Je touche mes yeux. Ils ne sont pas douloureux et pourtant on croirait qu'une guêpe est venue jouer tout près. La sensation de gonflement se répertorie sous mes doigts. Les larmes c'est censées couler, pas stagner et presque faire exploser mes globes oculaires.
Enfin bon, me morfondre sur moi-même ne m'aidera pas à sortir du lit. Encore enroulée dans ma couverture, je me laisse tomber sur le sol. Cette bonne épaisseur suffit à annuler la moindre douleur. Chose faite, je peux rouler jusqu'à la porte, laissant derrière moi un amas de chaleur et d'eau séchée. Prochaine étape, la descente d'une dizaine de marches d'escaliers. Je ne vais avoir d'autre choix que de me lever. Je le crains.

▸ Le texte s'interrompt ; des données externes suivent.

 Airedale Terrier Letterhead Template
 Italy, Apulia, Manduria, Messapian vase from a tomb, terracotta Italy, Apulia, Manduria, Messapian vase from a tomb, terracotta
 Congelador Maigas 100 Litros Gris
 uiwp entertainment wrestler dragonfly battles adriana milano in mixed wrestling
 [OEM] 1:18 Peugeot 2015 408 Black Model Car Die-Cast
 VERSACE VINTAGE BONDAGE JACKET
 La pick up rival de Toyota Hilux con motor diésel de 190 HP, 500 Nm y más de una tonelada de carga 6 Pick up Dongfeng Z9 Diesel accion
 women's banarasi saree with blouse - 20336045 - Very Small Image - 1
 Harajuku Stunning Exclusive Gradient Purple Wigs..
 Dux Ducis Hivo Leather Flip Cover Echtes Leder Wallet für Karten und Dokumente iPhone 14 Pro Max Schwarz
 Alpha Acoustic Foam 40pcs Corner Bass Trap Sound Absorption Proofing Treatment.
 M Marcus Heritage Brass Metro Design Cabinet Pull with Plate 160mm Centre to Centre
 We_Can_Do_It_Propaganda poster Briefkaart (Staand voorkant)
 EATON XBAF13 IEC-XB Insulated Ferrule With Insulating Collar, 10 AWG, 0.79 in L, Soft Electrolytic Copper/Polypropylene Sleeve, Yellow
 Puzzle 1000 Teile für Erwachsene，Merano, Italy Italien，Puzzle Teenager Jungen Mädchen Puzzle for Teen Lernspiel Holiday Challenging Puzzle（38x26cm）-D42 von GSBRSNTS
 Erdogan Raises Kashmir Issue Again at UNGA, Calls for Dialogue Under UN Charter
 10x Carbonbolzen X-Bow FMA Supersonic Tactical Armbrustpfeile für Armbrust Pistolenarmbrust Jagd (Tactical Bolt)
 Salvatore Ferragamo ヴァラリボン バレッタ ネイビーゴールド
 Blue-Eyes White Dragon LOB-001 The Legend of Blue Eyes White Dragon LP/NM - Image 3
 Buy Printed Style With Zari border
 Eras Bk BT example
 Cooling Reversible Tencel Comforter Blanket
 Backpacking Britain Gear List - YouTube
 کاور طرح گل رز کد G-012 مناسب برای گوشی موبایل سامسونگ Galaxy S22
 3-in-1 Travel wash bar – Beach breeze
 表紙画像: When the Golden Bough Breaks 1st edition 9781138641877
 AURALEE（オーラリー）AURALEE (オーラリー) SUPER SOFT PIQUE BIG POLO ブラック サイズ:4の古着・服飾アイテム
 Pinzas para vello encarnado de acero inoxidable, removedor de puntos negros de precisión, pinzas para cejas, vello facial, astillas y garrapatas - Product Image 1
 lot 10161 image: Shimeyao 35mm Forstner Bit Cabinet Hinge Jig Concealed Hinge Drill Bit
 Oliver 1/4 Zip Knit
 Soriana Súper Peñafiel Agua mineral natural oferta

— Jeune fille puis-je connaître l'explication de ton raffut en pleine nuit ? Sans parler que j'ai croisé Casey ouvrant notre porte d'entrée, non pour entrer mais pour sortir de la maison.
Son interrogatoire matinal prends fin aussi vite qu'il a tenté de débuter. Qui l'eut cru, mon apparence suffit à la faire taire pour une fois. C'est donc pire vu de l'extérieur. Je remonte à l'étage. L'objet que je suis partie récupérer est gentiment posé sur un coin de mon bureau. J'en profite pour prendre deux cotons. Je sens que je vais en avoir besoin.
— Chérie, tu sais que tu ne pourras pas te cacher derrière des lunettes de soleil toute la journée.
— Je sais, mais pour le moment je n'ai pas mieux.
Je prends la bouteille de lait dans le réfrigérateur et imbibe les cotons. Je les presse au-dessus de l'évier pour évacuer le surplus puis les pose sur mes yeux refermés.
Cela devrait commencer à faire diminuer le gonflement avant que je ne parte. Ma peau fera le reste toute seule durant la journée.
Je me demande si demain matin j'ai encore des yeux de la taille d'un bourdon et que je fais croire à mes professeurs que je suis empreint à une allergie, s'ils me laisseront garder mes lunettes pendant les cours. Avant ça, je vais déjà devoir affronter le regard de Sidney tout à l'heure. J'en avais complétement oublié l'absence de mon vélo sur le côté de la maison.
— J'y vais maman.
— Mange quelque chose avant. Un ventre vide est un aller simple pour tomber inconsciente.
Je jette les cotons dans la poubelle. Une serviette vient rapidement prendre leur place. Avec celle-ci, je tapote légèrement mes paupières afin d'enlever les traces de lait.
— C'est juste un aller-retour. Je prendrai un petit truc à grignoter en revenant. Promis !
J'enfile une veste par-dessus mon pyjama. Je n'ai décidément aucune motivation en ce jour.
La distance à pied me met plus de temps mais je finis par arriver. Cette fois-ci je toque sur la porte. Il est encore tôt pour qu'elle soit tombé de son lit elle aussi et je ne veux pas sonner, au risque de réveiller madame Martins.
Je ne m'attendais à rien mais je suis étonnée de voir mon amie m'ouvrir sa porte, toute préparée comme pour sortir. On dirait que la fête d'hier n'a jamais existé. Un morceau pain dans une main, elle m'invite à entrer.
— On rejoins Cass dans deux minutes. Juste le temps que je vide la table. Ton vélo est sur le côté, ma mère l'a déplacée. D'après elle, c'est trop dangereux de le laisser à la vue de tous.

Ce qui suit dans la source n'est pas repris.